Webmaster • July 7, 2023

‘Through the tough times’

Whatever demands Jesus may make on our following of Him, He wants to be at all times truly a source of comfort, of consolation and of forgiveness and reconciliation for others.

Whatever demands life may be making on us, He is there too to be called on. When we are in difficulties and pain, we can ask Him to take them away. He may not always do so, but we can expect Him to restore our peace. For we need to remember that Jesus is not to be seen as an escape from our problems. Sometimes He will give us peace not from our pain but within our pain. There can be the danger that we expect Jesus, or His Mother, or some other saint, or the Church to be there to wave a magic wand that wipes away all our problems, all difficulties, all obstacles. Jesus’ own life is an excellent example.

In the Garden of Gethsemane, faced with imminent arrest, torture and execution, He did not want to have to go through it. This is a perfectly normal human reaction to the threat of death. Anything else would be very strange (yet one sometimes hears people speak as if Jesus actually wanted to go through all those terrible experiences). Jesus begged his Father to spare Him going through this appalling ordeal. “Father, if it is possible, let this cup pass from me,” he prayed but then, at the end of his prayer, said: “Nevertheless, not as I will, but as you will.” (Matt 26:39) The Father was silent and His Will was clear. Jesus should face what is coming. And, when sometime later, Jesus rises from his prayer, He is a very different person. From that moment on and for the rest of his Passion experience He reveals nothing but quiet dignity & strength in the face of all kinds of abuse and humiliations.

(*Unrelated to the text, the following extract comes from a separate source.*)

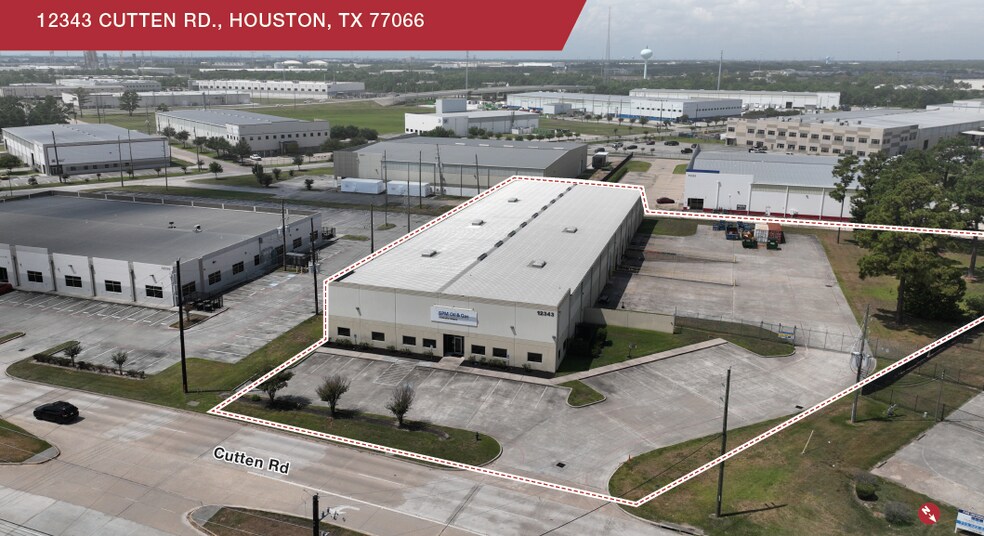 12343 Cutten Rd, Houston, TX à vendre - Photo de l’immeuble – Image 2 sur 12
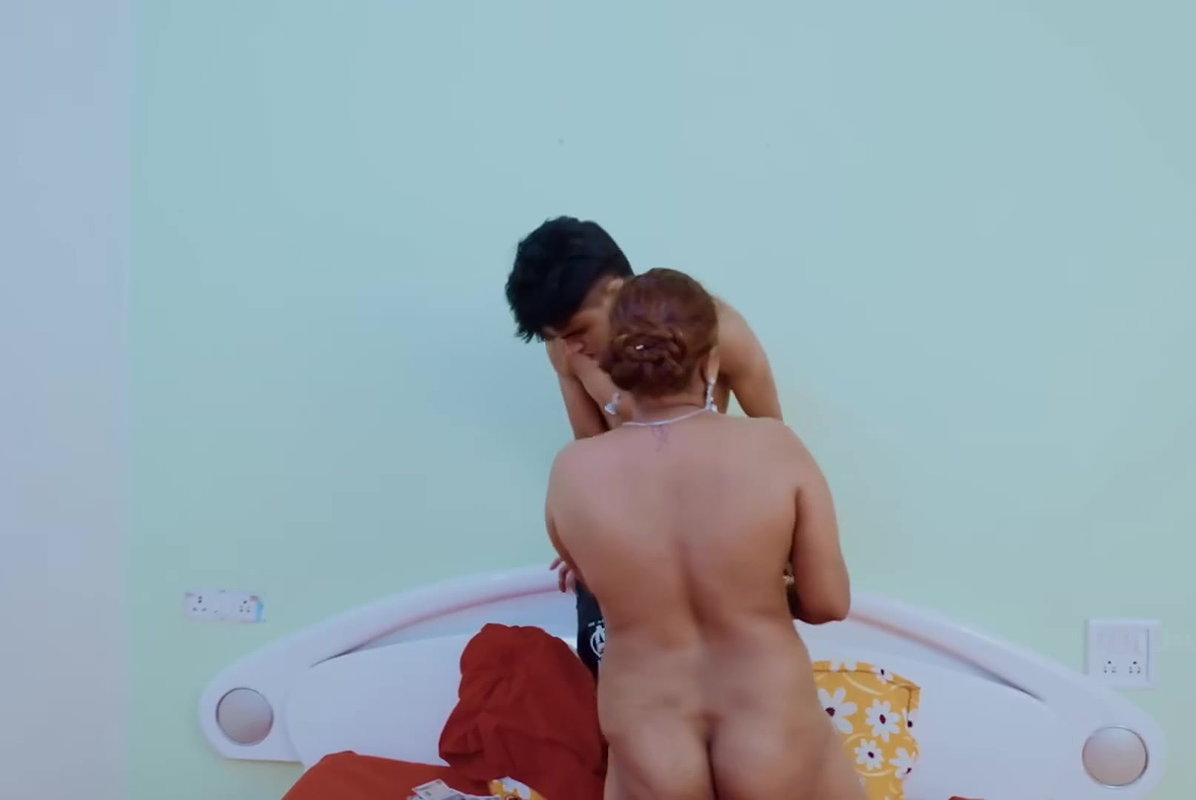 Rosie and Rahul’s hard sex is full of hard.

He is full of an inner peace, which had come once He had said that total ‘Yes’ to His Father. His prayer in the garden had been answered, although not in the way he originally requested.

Here we might say we have the two sides of the Gospel coming together. On the one hand, Jesus makes that absolute and total surrender of Himself into God’s hands but, at the same time, experiences the “rest” that comes to those who “labour and are overburdened”.